Short descriptive text snippets
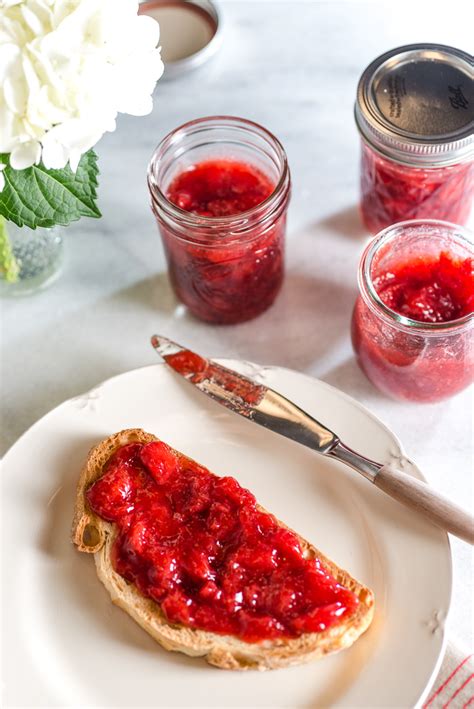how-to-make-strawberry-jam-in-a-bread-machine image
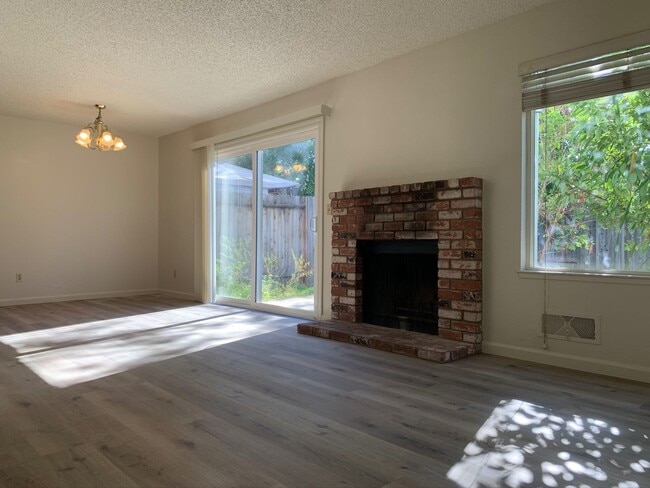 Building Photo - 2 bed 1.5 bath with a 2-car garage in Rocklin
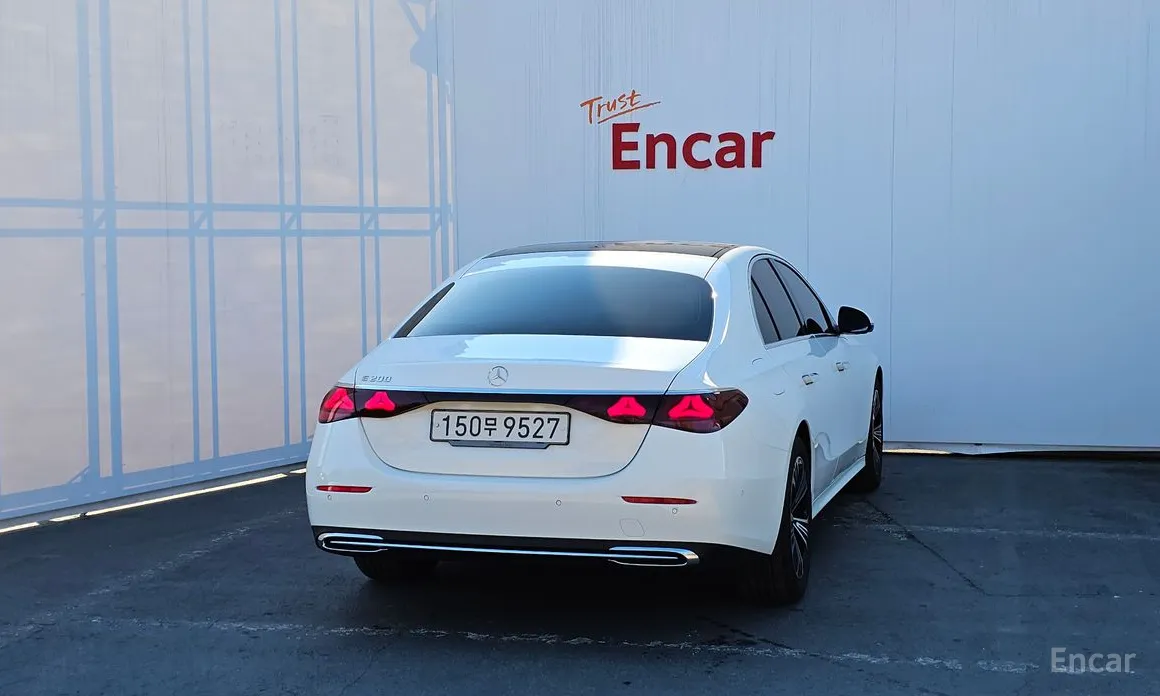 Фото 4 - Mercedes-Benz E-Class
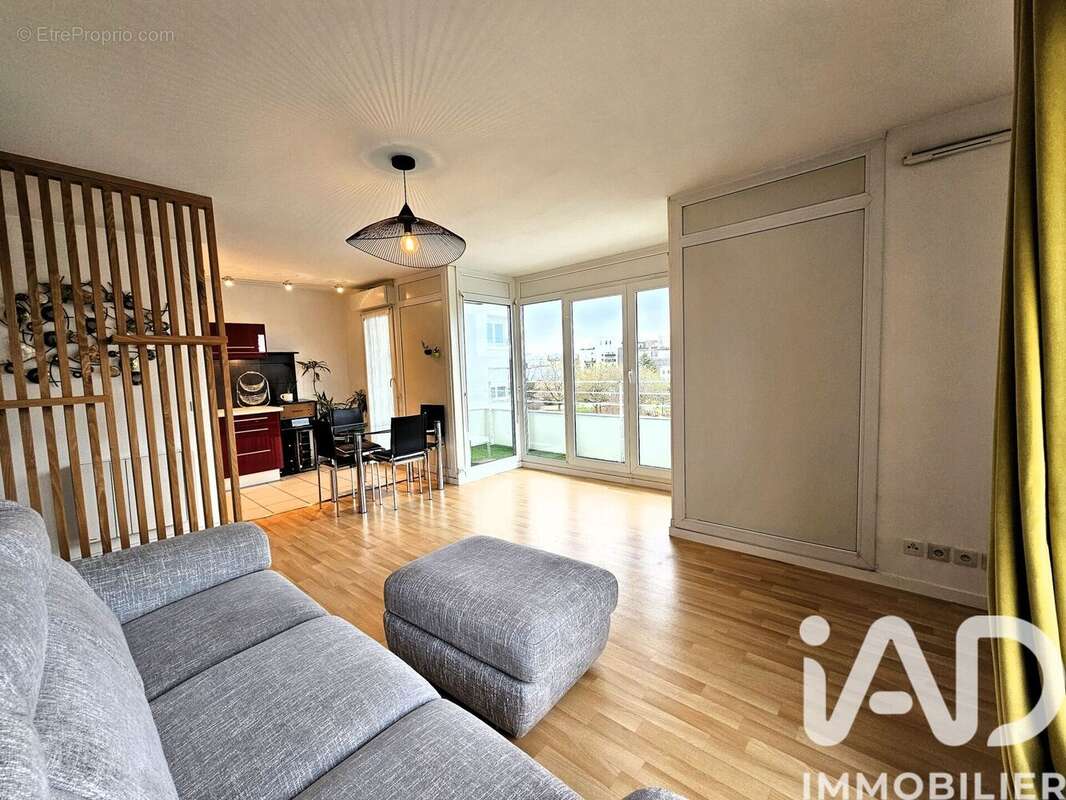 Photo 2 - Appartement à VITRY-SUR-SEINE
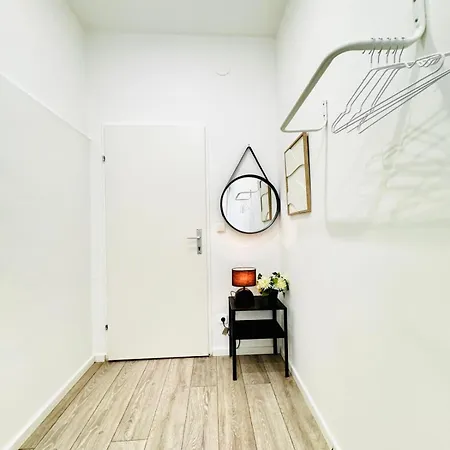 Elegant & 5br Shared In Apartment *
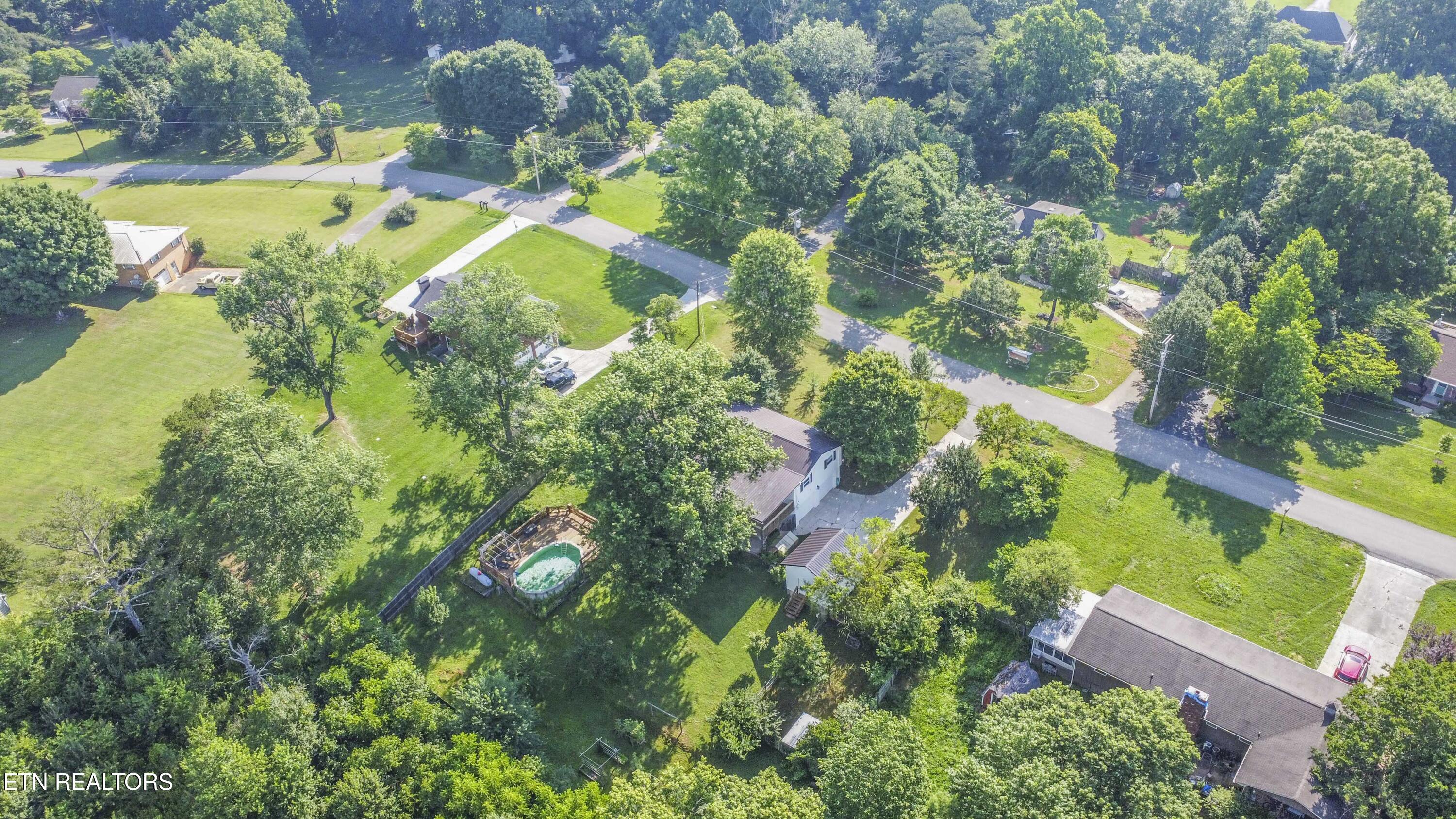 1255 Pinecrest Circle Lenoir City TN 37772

### Task
The records above need to be reproduced exactly, with all images omitted.

### Written solution
how-to-make-strawberry-jam-in-a-bread-machine image
 Building Photo - 2 bed 1.5 bath with a 2-car garage in Rocklin
 Фото 4 - Mercedes-Benz E-Class
 Photo 2 - Appartement à VITRY-SUR-SEINE
 Elegant & 5br Shared In Apartment *
 1255 Pinecrest Circle Lenoir City TN 37772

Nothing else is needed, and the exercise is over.